Abstract: Order is a predominant paradigm for perceiving and organizing our physical and social environment, to infer meaning and explanation from observation, and to search and rectify decisions. For instance, we admire the highest mountain on earth, observe pecking order among animals, schedule events in time, and organize our collaborations in hierarchies. The notion of order is deeply embedded in our language, as every adjective gives rise to a comparative (e.g., better, more expensive, more beautiful).

In many cases, entities can be ordered through real-valued valuation functions like price or size. However, organizing hierarchical relationships by means of numerical values is not always adequate, as this kind of organization presupposes two important conditions: i) every pair of entities has to be comparable, and ii) the sizes of differences between numerical values are meaningful and thus comparable. In many situations, however, this is not the case.

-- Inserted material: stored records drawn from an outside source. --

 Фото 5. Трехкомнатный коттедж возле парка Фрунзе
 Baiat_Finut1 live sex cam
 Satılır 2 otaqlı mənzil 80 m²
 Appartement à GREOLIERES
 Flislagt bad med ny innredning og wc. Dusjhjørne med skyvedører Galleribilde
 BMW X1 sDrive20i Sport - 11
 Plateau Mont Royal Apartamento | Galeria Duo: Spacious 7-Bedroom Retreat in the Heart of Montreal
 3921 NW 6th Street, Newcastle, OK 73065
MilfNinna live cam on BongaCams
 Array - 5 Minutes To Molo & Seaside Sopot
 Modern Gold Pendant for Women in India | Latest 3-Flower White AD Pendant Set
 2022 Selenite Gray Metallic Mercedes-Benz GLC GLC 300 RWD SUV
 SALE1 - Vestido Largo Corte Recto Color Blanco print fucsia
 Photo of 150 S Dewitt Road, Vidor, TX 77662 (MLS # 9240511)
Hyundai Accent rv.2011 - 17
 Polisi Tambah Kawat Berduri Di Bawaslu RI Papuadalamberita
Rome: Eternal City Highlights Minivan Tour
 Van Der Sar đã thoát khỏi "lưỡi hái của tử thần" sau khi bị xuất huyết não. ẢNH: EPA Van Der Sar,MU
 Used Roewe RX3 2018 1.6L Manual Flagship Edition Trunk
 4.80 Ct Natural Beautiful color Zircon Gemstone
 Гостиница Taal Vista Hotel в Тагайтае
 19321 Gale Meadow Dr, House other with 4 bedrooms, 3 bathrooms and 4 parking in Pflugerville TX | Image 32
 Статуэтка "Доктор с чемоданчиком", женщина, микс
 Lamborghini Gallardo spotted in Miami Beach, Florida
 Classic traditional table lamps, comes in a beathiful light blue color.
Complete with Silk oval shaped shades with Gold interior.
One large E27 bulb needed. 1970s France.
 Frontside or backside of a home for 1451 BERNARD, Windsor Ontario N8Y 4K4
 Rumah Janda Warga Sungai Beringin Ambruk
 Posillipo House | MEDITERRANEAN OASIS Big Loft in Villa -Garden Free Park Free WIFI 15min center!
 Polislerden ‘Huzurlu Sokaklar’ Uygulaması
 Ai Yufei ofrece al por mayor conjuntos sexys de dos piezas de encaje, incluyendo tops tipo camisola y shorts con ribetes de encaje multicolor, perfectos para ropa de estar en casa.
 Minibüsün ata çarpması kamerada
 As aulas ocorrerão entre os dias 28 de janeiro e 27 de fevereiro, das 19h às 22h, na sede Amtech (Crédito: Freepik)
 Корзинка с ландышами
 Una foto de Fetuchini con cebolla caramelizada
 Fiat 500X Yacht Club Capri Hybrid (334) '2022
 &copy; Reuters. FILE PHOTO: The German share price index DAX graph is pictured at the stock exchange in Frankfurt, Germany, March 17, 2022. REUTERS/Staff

Order theory provides a more appropriate toolset for describing and analysing such data. Furthermore, specific technical and social processes have been established for dealing with ordinal structures, e.g., deriving the succession order as depth-first linear extension of the royal family tree, or discussing only the borderline cases in scientific programme committees. These processes, however, are rather task-specific — there exist only few generic data analysis and machine learning tasks that are particularly tailored for ordinal data.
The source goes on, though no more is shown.